容量市場における指標価格引き上げの影響試算

 容量市場メインオークションは、新規電源建設の正味固定費用である「Net CONE:Cost of New Entry」を指標価格(10,075円/kW)としているが、最新の発電コスト検証を反映する場合、Net CONEを約2倍(2.05万円/kW)に引き上げる必要がある(※関連記事「容量市場「Net CONE」の見直しを開始 仮算定では2倍強の2万円/kWへ」)。

 広域機関は、指標価格を2万円/kWとした場合の需要曲線と、実需給2029年度メインオークションの供給曲線を用いて、簡易的な約定処理のシミュレーションを行った。実際のメインオークション結果(実需給2029年度)と比べ、約定総容量は約200万kW増加の1億6,800万kWとなったのに対して、容量拠出金総額(経過措置を未考慮)は、約0.3兆円増(約1.1倍)となる試算結果となった。


図1.指標価格引き上げによる約定結果の変化 出典:容量市場の在り方検討会

 容量拠出金の上昇は、これを支払う小売電気事業者や一般送配電事業者からの料金転嫁を通じて、最終的には需要家が負担することとなる。
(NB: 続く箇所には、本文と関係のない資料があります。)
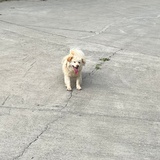 桀介～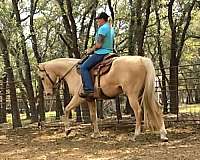 breeding-quarter-horse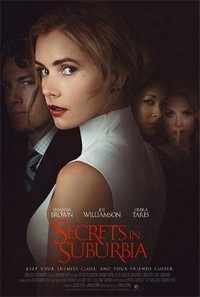 Secrets in Suburbia (2017) - poster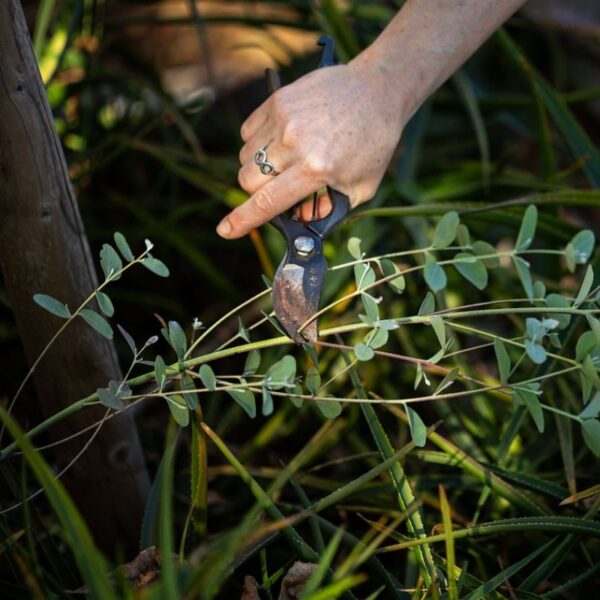 secateur secateur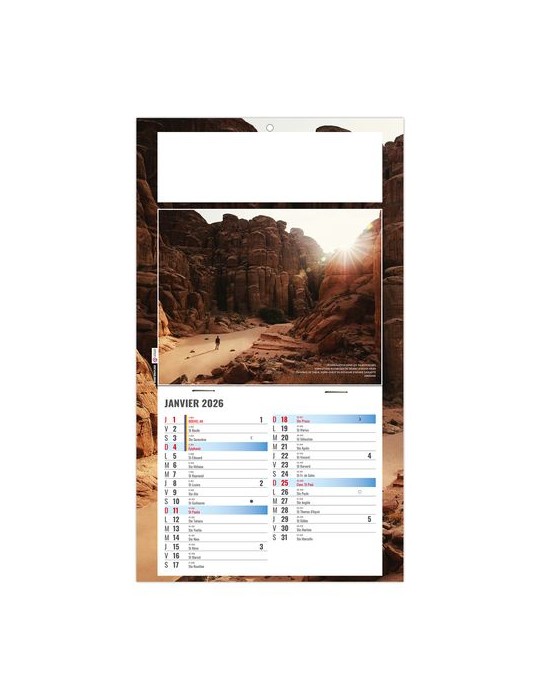 PLAQUE 1 VUE ESTEBAN 2026 - DOS CARTON - BLOC B2 - SANS MARQUAGE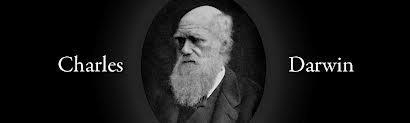 1 2 Describe Charles Darwin s Theory of.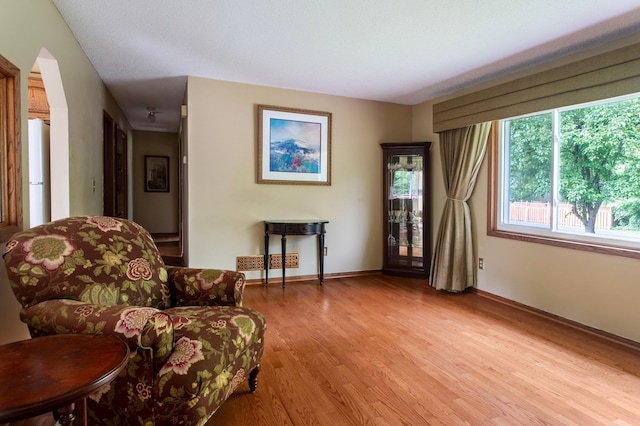 8659 215th St N, Forest Lake, MN 55025 - sitting room with light wood-type flooring and baseboards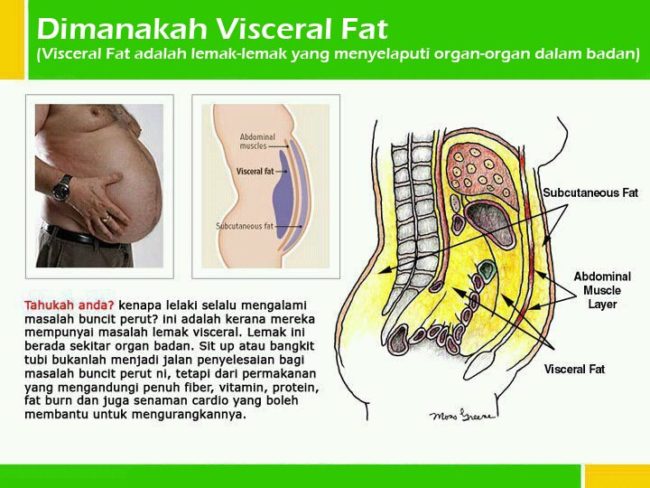 Olahraga Apa Yang Bisa Membakar Lemak - Tanda Kalori yang Terbakar 2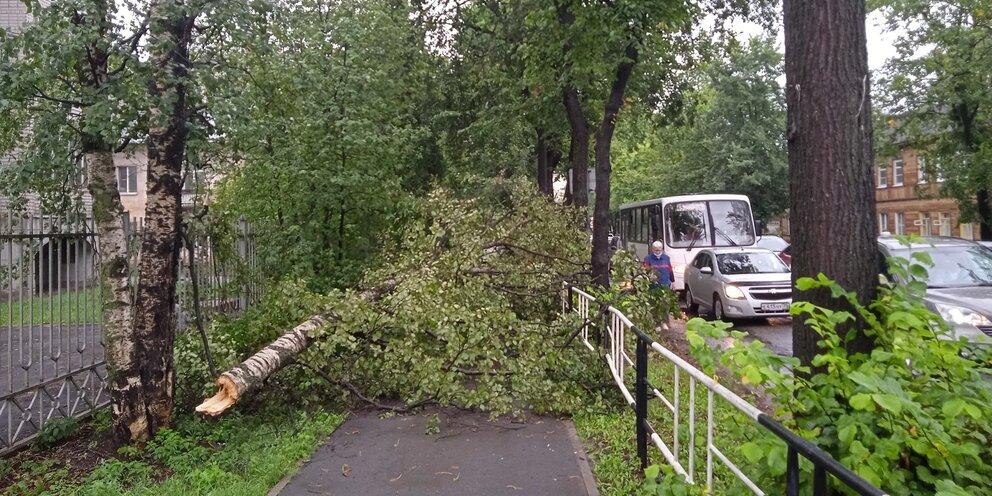 Ураган в Вологде. Ураган 2010 в Вологде.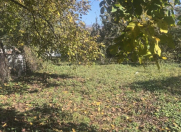 Satılır 10 sot torpaq Qəbələ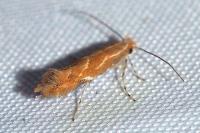 Phyllonorycter corylifoliella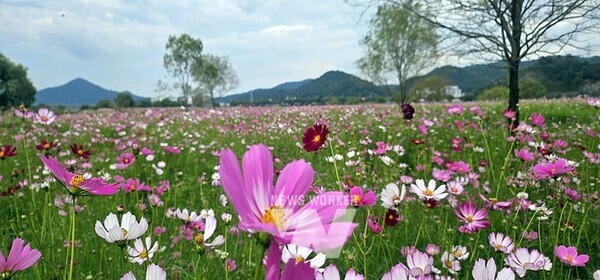 나주시가 ‘2024 나주영산강축제’에 맞춰 영산강 들섬과 둔치체육공원, 영산강 정원에 총 15ha(약 4만5천평) 규모 코스모스, 메밀꽃, 댑싸리 등 가을 꽃단지를 조성했다. (사진제공-나주시)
また、容量市場で落札する電源の大半は既設電源であるため、新規電源建設を想定したNet CONEを指標価格とした約定価格がシングルプライス方式ですべての落札電源に支払われることは、過大な支払となるおそれもある(相対取引の場合は原則調整されると思われる)。このため、指標価格の引き上げに向けた影響緩和措置の在り方について検討が行われた。